Автор книги: Евгений Бунимович
Жанр: Биографии и Мемуары, Публицистика
сообщить о неприемлемом содержимом
Текущая страница: 2 (всего у книги 13 страниц) [доступный отрывок для чтения: 3 страниц]
Парщиков. Извне
Описать бы все сущее логично, строго и непротиворечиво.
Чтобы все следовало из базовых постулатов, чтоб система была полна и совершенна.
Однако некто Гёдель, венский математик, закончивший дни свои в американском сумасшедшем доме, доказал, что всякая достаточно сложная система аксиом либо внутренне противоречива, либо неполна.
Из теорем Гёделя о неполноте возникает неизбежность иного взгляда. Взгляда извне. Извне привычно заданных связей и закономерностей.
Именно существованием этого взгляда извне человек и отличается от самого навороченного суперкомпьютера. От самого что ни на есть искусственного интеллекта.
Компьютерные возможности много превышают человеческие. Но только внутри заданной ему логической схемы.

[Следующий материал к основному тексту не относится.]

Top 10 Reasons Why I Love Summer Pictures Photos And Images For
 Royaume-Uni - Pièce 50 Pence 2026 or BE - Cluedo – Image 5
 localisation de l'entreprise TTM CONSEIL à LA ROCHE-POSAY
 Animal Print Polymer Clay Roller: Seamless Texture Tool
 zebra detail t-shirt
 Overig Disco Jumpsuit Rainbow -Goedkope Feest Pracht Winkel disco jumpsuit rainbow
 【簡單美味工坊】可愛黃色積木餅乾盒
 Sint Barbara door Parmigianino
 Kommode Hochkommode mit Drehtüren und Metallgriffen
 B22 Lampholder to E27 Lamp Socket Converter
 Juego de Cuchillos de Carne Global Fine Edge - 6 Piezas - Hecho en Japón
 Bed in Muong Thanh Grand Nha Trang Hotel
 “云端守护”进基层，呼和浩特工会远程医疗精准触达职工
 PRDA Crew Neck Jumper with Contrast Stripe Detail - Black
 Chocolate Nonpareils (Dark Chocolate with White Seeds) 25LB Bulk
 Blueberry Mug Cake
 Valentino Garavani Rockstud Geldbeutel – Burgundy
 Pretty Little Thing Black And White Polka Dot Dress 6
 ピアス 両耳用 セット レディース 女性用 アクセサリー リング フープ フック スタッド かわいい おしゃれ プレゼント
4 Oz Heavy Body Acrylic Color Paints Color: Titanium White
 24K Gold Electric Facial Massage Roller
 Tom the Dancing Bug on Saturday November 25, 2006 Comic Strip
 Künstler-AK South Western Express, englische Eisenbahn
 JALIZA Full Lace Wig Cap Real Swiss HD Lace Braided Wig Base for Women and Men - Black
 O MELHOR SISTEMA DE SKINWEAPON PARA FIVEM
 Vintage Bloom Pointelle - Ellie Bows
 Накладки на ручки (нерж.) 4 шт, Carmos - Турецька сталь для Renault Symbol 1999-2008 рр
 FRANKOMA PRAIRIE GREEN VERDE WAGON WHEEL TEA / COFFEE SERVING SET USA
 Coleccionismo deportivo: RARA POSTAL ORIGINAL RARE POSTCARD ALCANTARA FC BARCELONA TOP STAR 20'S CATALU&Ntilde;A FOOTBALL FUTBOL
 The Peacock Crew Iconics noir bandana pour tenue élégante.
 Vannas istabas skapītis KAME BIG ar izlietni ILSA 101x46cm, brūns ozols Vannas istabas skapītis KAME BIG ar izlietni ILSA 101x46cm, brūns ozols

Которая – не забудем – или неполна, или противоречива.
Но разве поиски человеком иного, более общего, внешнего языка описания не есть одновременно проникновение в замысел Божий?
В конце концов, чья это привилегия и/или тяжкая доля – смотреть и видеть иначе, извне?
Об этом мы говорили с Лёшей Парщиковым на одной из последних наших встреч, гуляя по Бульварному кольцу.
А еще о фрактальной геометрии Мандельброта, которая мало того что как-то нездешне красива, но еще и при задании двух-трех простых параметров способна воспроизводить сложнейшие природные объекты и явления – горы, реки, деревья, молнии, облака…
А может и не воспроизводить – создавать? И вот она, технология Создателя?
Потому и красива – нездешне…
Мы говорили об этом с Парщиковым не потому, что он был математиком. Не был он математиком.
Как не был нефтяником, но написал «Нефть».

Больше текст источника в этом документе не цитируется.